The power of a single Haar random state: constructing and separating quantum pseudorandomness

TL;DR

This paper explores the cryptographic implications of access to a single Haar random quantum state, revealing new insights into quantum pseudorandomness and establishing separations between different notions of quantum pseudorandom states.

Contribution

It demonstrates the existence of single-copy pseudorandom states relative to a Haar random state oracle and constructs an isometry oracle separating 1PRS from PRS.

Findings

Existence of 1PRS relative to a Haar random state oracle

Construction of an isometry oracle where 1PRS exist but PRS do not

First black-box separation between quantum pseudorandomness notions

Abstract

In this work, we focus on the following question: what are the cryptographic implications of having access to an oracle that provides a single Haar random quantum state?
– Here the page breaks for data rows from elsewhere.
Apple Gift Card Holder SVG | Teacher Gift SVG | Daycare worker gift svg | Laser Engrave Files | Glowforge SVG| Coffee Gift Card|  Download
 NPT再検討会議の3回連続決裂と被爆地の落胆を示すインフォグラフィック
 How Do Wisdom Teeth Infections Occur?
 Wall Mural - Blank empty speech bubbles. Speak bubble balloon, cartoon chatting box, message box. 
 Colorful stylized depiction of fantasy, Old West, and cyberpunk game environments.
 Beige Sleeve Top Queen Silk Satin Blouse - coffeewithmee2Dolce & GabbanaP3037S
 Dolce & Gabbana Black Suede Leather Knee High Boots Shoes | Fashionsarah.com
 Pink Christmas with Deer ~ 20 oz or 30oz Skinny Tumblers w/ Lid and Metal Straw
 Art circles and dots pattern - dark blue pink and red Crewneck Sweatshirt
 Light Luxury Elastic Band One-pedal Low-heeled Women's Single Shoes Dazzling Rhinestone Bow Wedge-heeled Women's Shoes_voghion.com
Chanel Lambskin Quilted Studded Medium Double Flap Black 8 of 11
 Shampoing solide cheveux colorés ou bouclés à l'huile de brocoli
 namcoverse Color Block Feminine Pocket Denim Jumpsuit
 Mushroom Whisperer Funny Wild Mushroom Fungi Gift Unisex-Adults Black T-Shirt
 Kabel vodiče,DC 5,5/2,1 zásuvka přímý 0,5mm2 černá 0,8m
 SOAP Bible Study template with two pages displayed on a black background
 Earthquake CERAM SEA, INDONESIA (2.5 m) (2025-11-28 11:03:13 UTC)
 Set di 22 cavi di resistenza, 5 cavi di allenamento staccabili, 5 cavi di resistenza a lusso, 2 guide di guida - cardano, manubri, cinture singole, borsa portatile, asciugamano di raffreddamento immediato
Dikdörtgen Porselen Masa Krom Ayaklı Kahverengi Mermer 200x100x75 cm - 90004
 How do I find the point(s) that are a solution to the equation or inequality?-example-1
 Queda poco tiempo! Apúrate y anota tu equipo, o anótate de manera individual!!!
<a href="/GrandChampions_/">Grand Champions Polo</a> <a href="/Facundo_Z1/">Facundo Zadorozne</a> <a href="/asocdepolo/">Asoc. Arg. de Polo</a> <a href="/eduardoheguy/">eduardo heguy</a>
We find that the study of such a model sheds light on several aspects of the notion of quantum pseudorandomness. Pseudorandom states (PRS) are a family of states for which it is hard to distinguish between polynomially many copies of either a state sampled uniformly from the family or a Haar random state. A weaker notion, called single-copy pseudorandom states (1PRS), satisfies this property with respect to a single copy. We obtain the following results: 1. First, we show, perhaps surprisingly, that 1PRS (as well as bit-commitments) exist relative to an oracle that provides a single Haar random state. 2. Second, we build on this result to show the existence of an isometry oracle relative to which 1PRS exist, but PRS do not. Taken together, our contributions yield one of the first black-box separations between central notions of quantum pseudorandomness, and introduce a new framework to study black-box separations between various inherently quantum primitives.